Similarly, if we want pt[1] to hold up 3 integers, we would use:

pt[1] = malloc(sizeof(int)*3);

Note that when we free those pointers, we need to free the innermost pointer first then outer one.

An complete code example:

#include <stdio.h>
#include <stdlib.h>

int main() {

    // this allocates space for the 2 pointers
    int **pointers = malloc(sizeof(int *) * 2); 
    // the first pointer points to a single integer
    pointers[0] = malloc(sizeof(int));
    // the second pointer pointes to an array of 3 integers
    pointers[1] = malloc(sizeof(int) * 3);

    // let's set their values
    *pointers[0] = 55;

    pointers[1][0] = 100;
    pointers[1][1] = 200;
    pointers[1][2] = 300;

    
    // do other stuff with this memory

    // now time to free the memory as we are finished with the data-structure
    // first we need to free the inner pieces
    free(pointers[0]);
    free(pointers[1]);
    // now we can free the space to hold the array of pointers themselves
    free(pointers);
    
    return 0;
}

Memory model

• note that th variable in main function does not belong to global variable, indicating it should still go to the stack part. The “global data” part contains mainly three stuff: a) global variables, b) string literals Note that for the string literals, the code like this: char* str = "Hello world!"; can lie in a local function, it just means that the pointer str can be in the stack, while the string literal “Hello world!” is in global data part.
• And dynamic memory allocation lie in heap.

String

• difference between a string and a character is that at the end of string, there is a \0 as an ending signal. Once the character array declared, the size is fixed. Note that the difference between these similar version of declaring character array:

  • char string[20] = "cool shit", it is defining a string variable, with a \0 at the end of the array, note that there will be a lot of \0 following the valid words. It can be changed afterwards.
  • char string[] = "cool shit", defining a string variable the size will be fixed according to the first assignment. It can be changed afterwards.
  • char* string = "cool shit", defining a string constant. it is a string literal! cannot be changed!! If you change the string, it will give a “bus error”. Main point here: it makes string point to a read-only memory where string literal is stored, while the above two way are indeed allocating memory and copy string to them.
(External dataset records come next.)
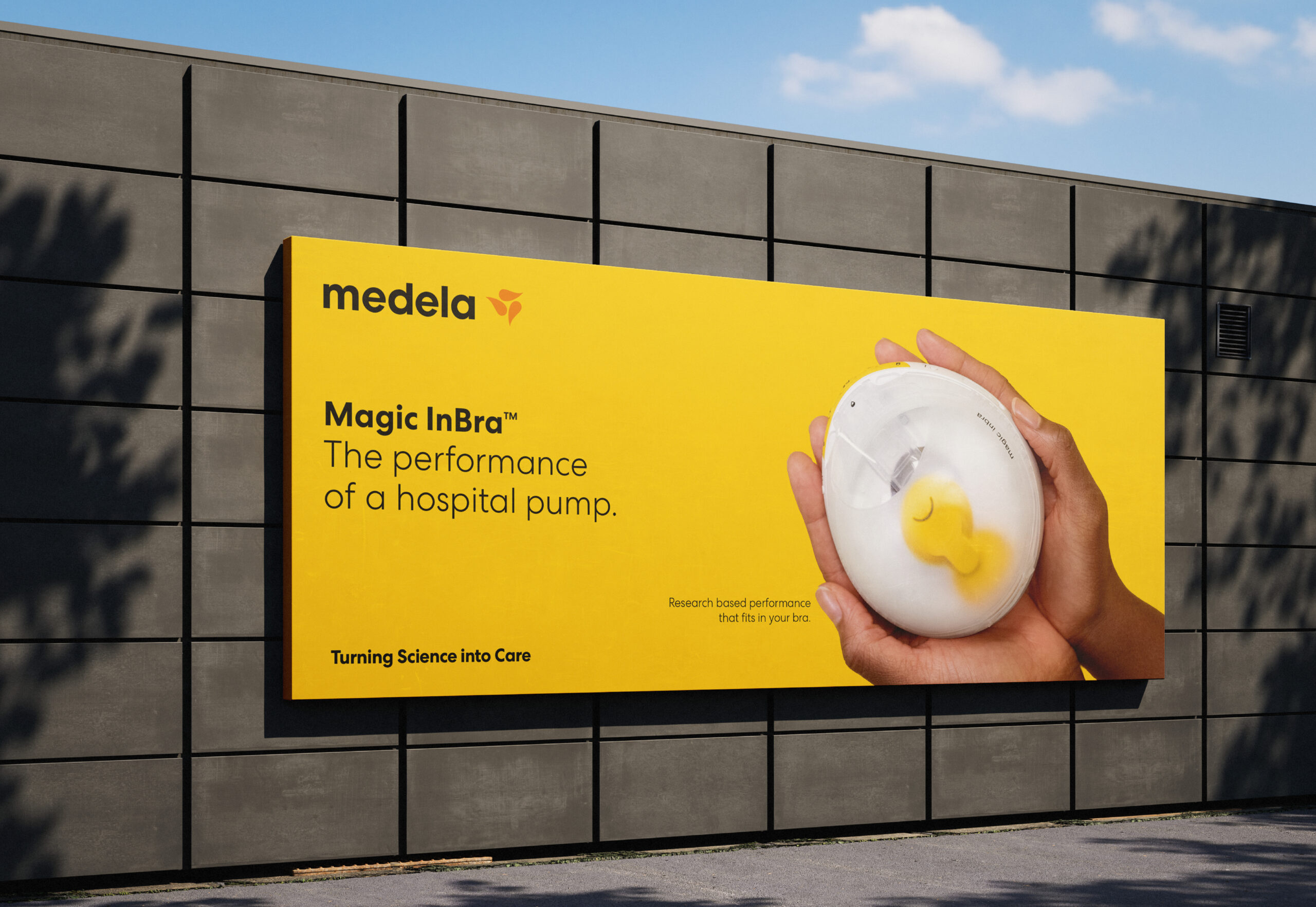 Medela Brand Evolution Out of Home
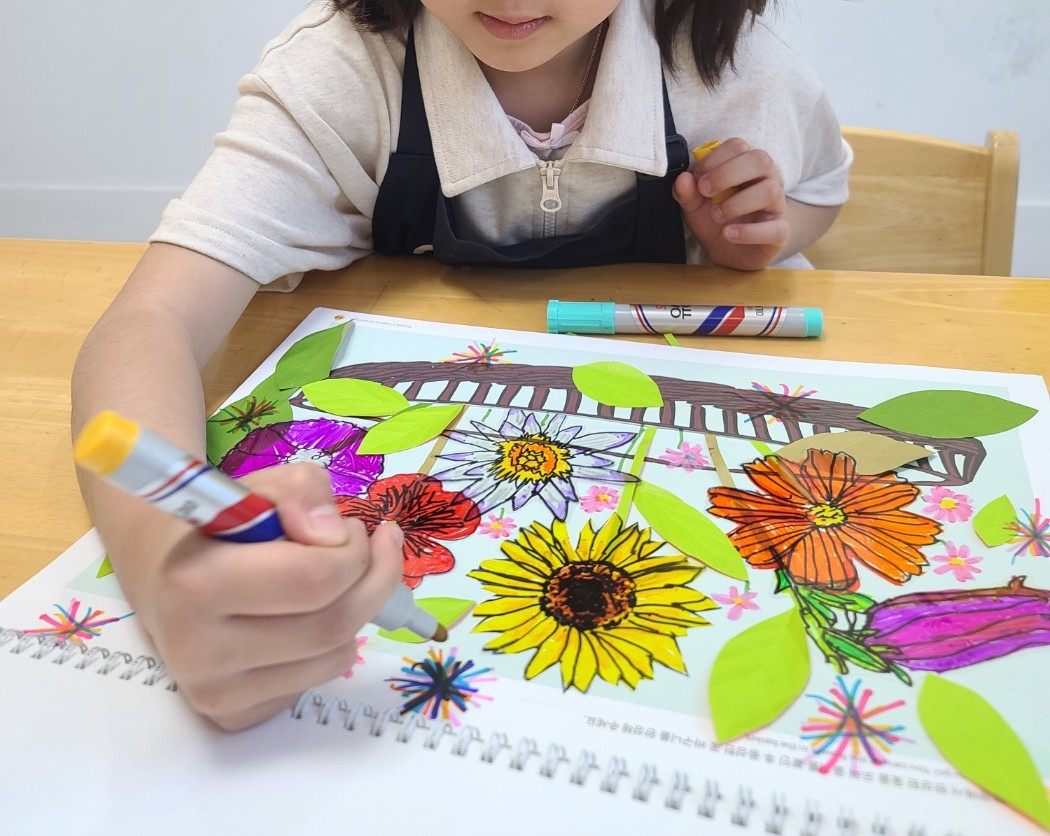 A Creative Drawing class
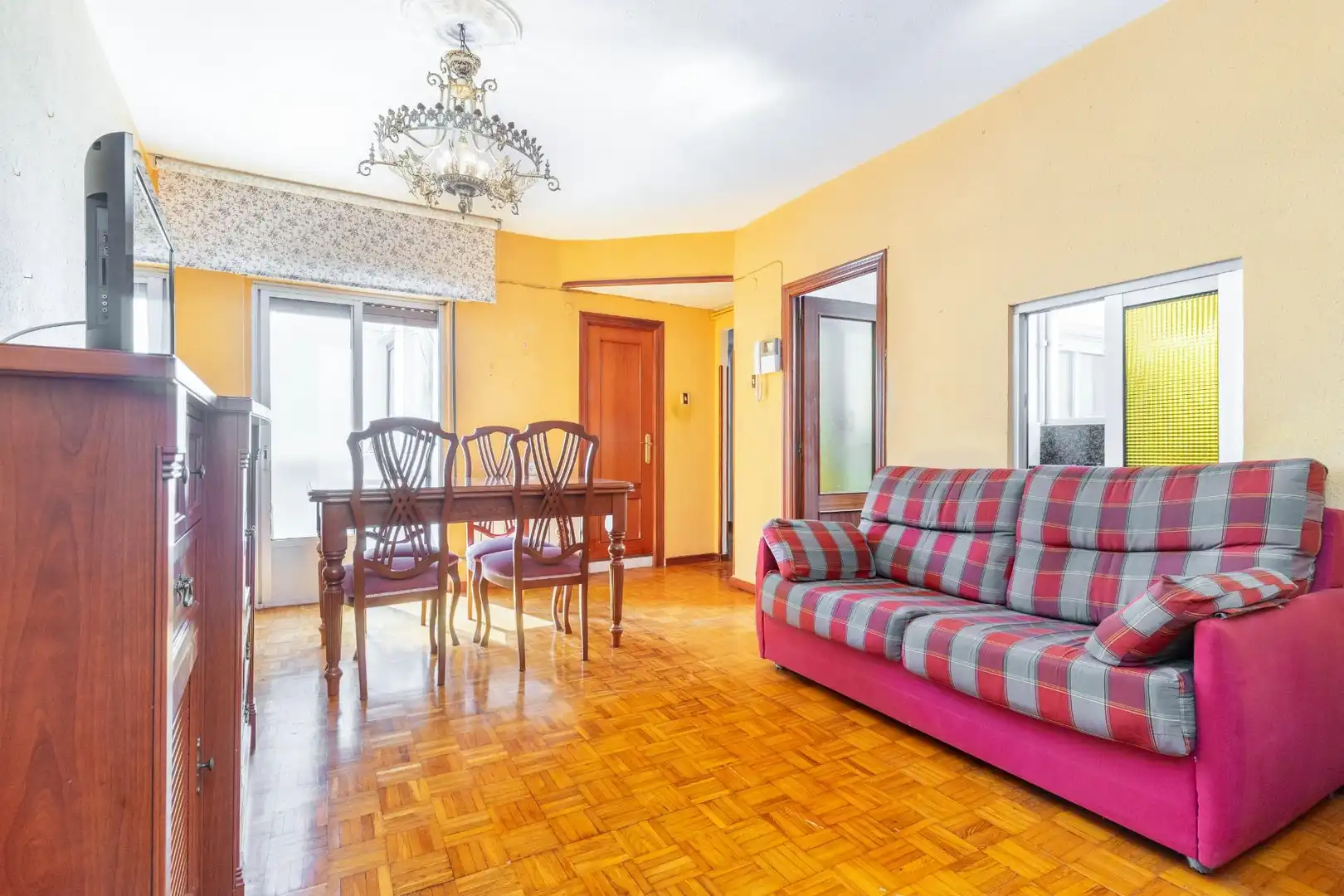 Living room of Attic for sale in Oviedo   with Heating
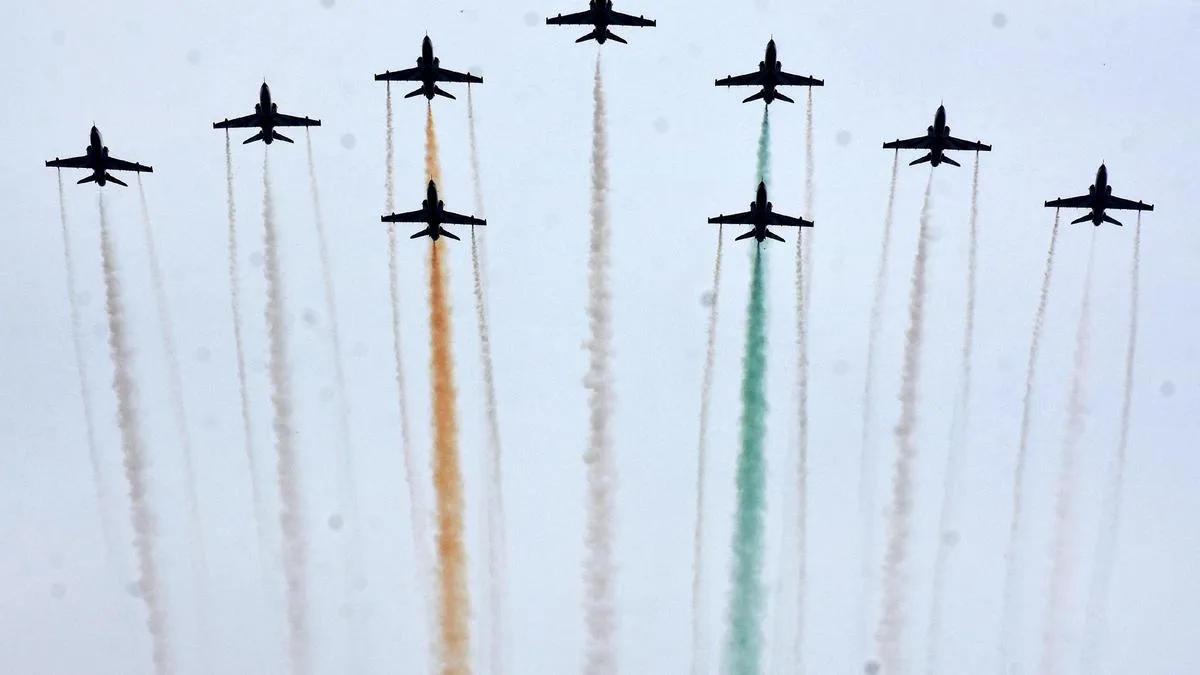 Dasara air show: Bad weather plays spoilsport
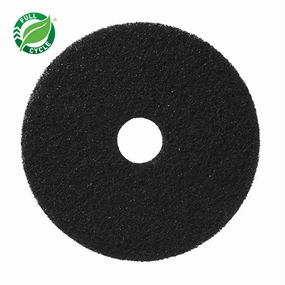 Black Heavy-Duty Stripping Floor Pad floor care,floor cleaner,floor mop
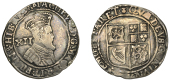 James VI (1567-1625), After Accession, Tenth coinage, Twelve Shillings, mm. thistle-head, reads fran & hib rex, rev....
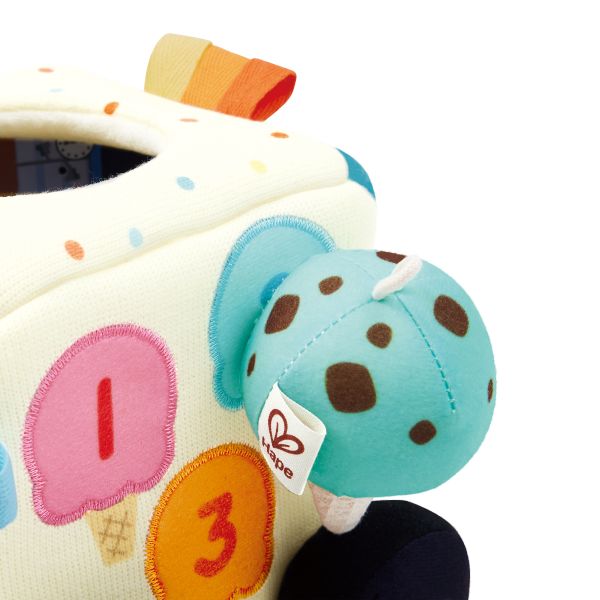 Hape Activiteitenspeelgoed - Sensory Scoop Ice Cream Truck Hape Activiteitenspeelgoed - Sensory Scoop Ice Cream Truck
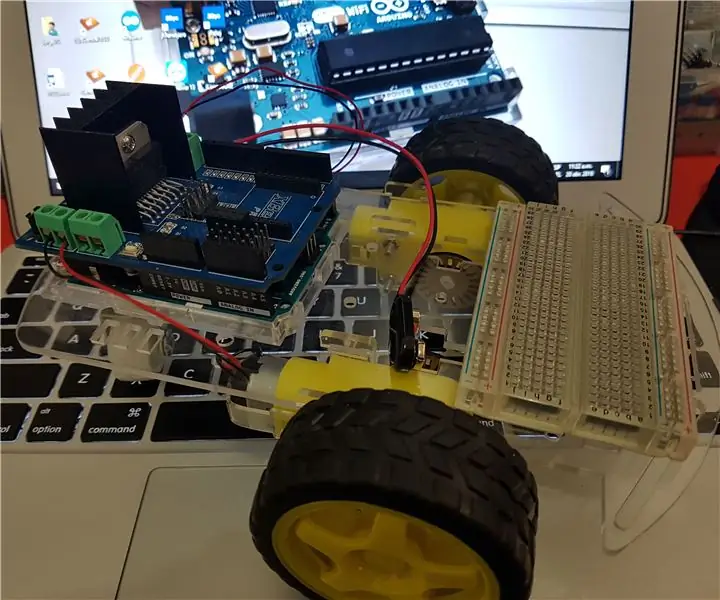 Empezando Con El MotoMama H-Bridge De Itead: 4 bước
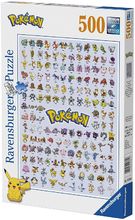 Puzzle Pokedex Pokemon 500 pcs RAV147816 Ravensburger 1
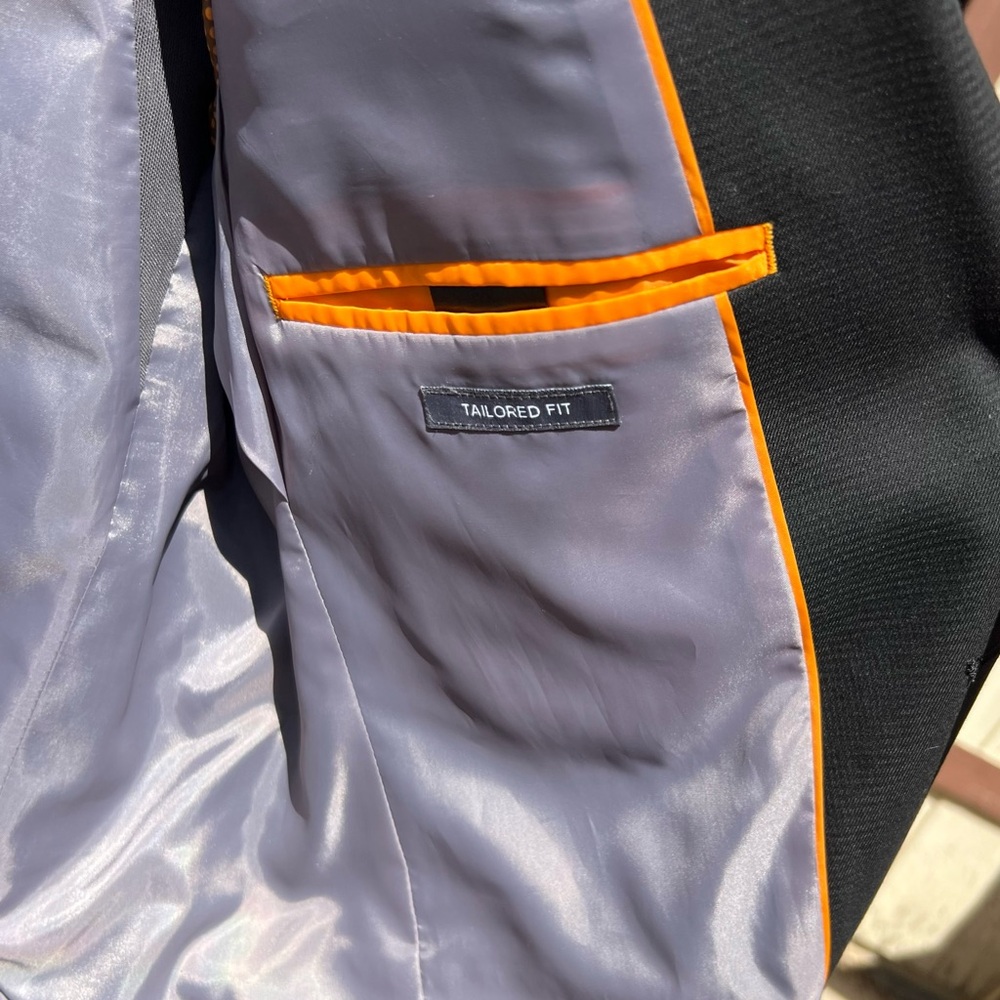 Men’s Haggar Tailored Fit Suit Coat - Picture 4 of 5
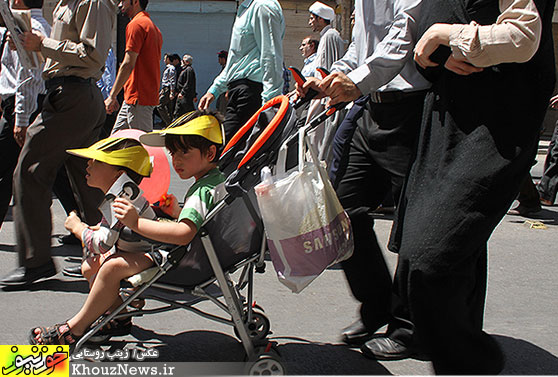 راهپیمایی روز جهانی قدس در اهواز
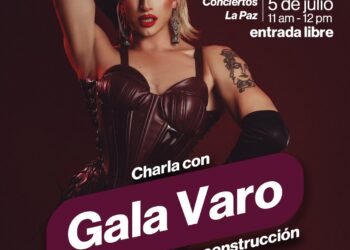 Ayuntamiento de La Paz invita a la charla “Deconstrucción y reconstrucción de la identidad y género”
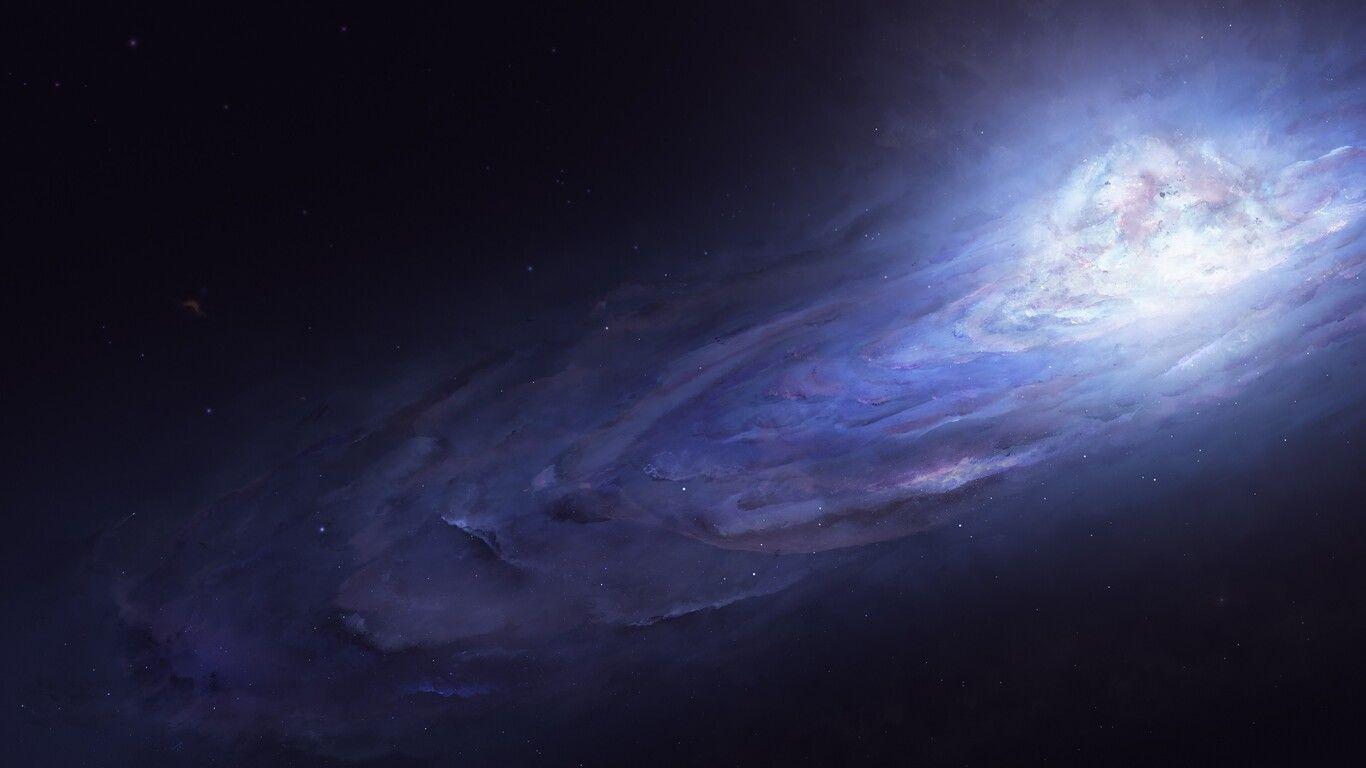 1366x768 Andromeda Galaxy 1366x768 Resolution HD 4k Wallpaper, Image, Background, Photo and Picture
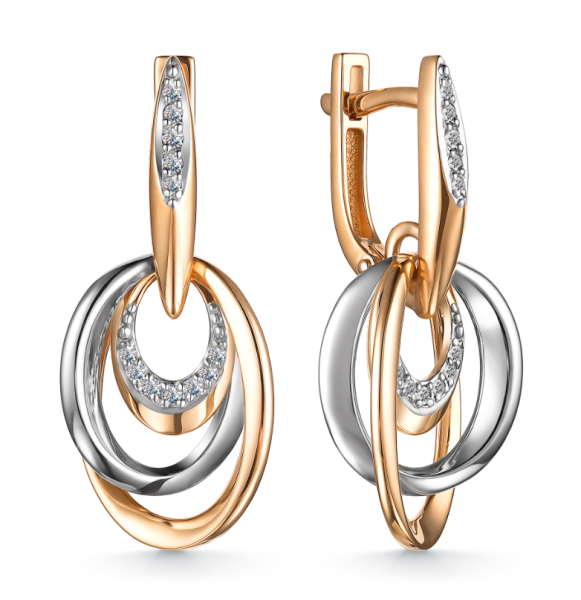 Серьги 24741-100 Серьги 24741-100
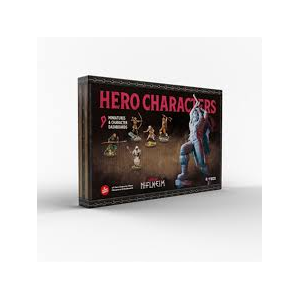 Gates of Niflheim: Hero Characters Miniatures Set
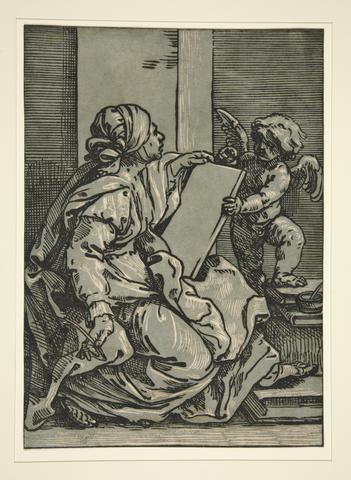 Bartolomeo Coriolano, A Sibyl, 17th century
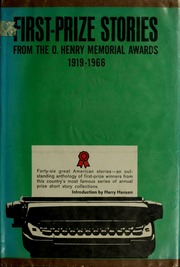 Cover of edition firstprizestorie00hans
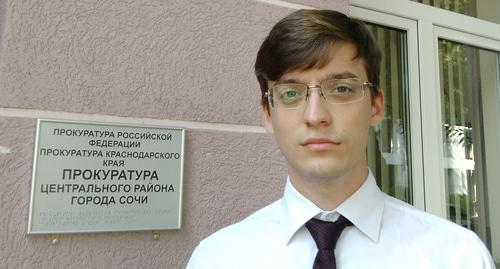 Константин Зыков . Фото Светланы Кравченко для "Кавказского узла" Константин Зыков . Фото Светланы Кравченко для "Кавказского узла"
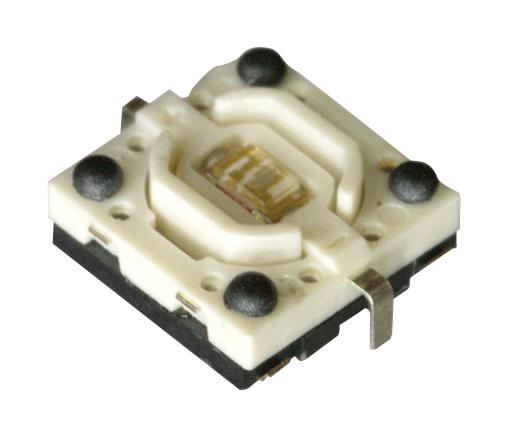 E-Switch Tl3215Af160Gq Tactile Switch, 0.05A, 12Vdc, Smd, 160Gf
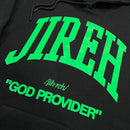 Moletom Canguru Com Capuz Preto Jireh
• difference between strlen and sizeof. strlen will return the valid number of characters before null character, while sizeof will just give you the size of whole char array including null characters.

• use strncpy as a stable counterpart of strcpy, the usage is like: strncpy(s1, s2, sizeof(s1)); see the complete code below, s2 is a string literal.

#include <stdio.h>
#include <string.h>

int main() {
    char s1[5];
    char s2[32] = "University of";

    // This is unsafe because s1 may not have enough space
    // to hold all the characters copied from s2.
    //strcpy(s1, s2);

    // This doesn't necessarily null-terminate s1 if there isn't space.
    strncpy(s1, s2, sizeof(s1));
    // So we explicitly terminate s1 by setting a null-terminator.
    s1[4] = '\0';

    printf("%s\n", s1);
    printf("%s\n", s2);
    return 0;
}

Note that s1 is a character array, which means that there is no null characters at the end. if we want to do this way, we want to add null character at the end.

• Similarly, strncat(s1, s3, sizeof(s1)-strlen(s1)-1); is the stable version of using strcpy.
• char * strchr(const char s, int c); return the index at the first occurence of the character
• char * strstr(const char* s1, const char* s2); find sub string. see the code example below:

#include <stdio.h>
#include <string.h>

int main() {
    char s1[30] = "University of C Programming";
    char *p;

    // find the index of the first 'v'
    p = strchr(s1, 'v');
    if (p == NULL) {
        printf("Character not found\n");
    } else {
        printf("Character found at index %ld\n", p - s1);
    }

    // find the first token (up to the first space)
    p = strchr(s1, ' ');
    if (p != NULL) {
        *p = '\0';
    }
    printf("%s\n", s1);

    return 0;
}

if the character specified in the second argument cannot find the right place, then it will assign NULL to p in this case. We can use pointer subtraction to get the index.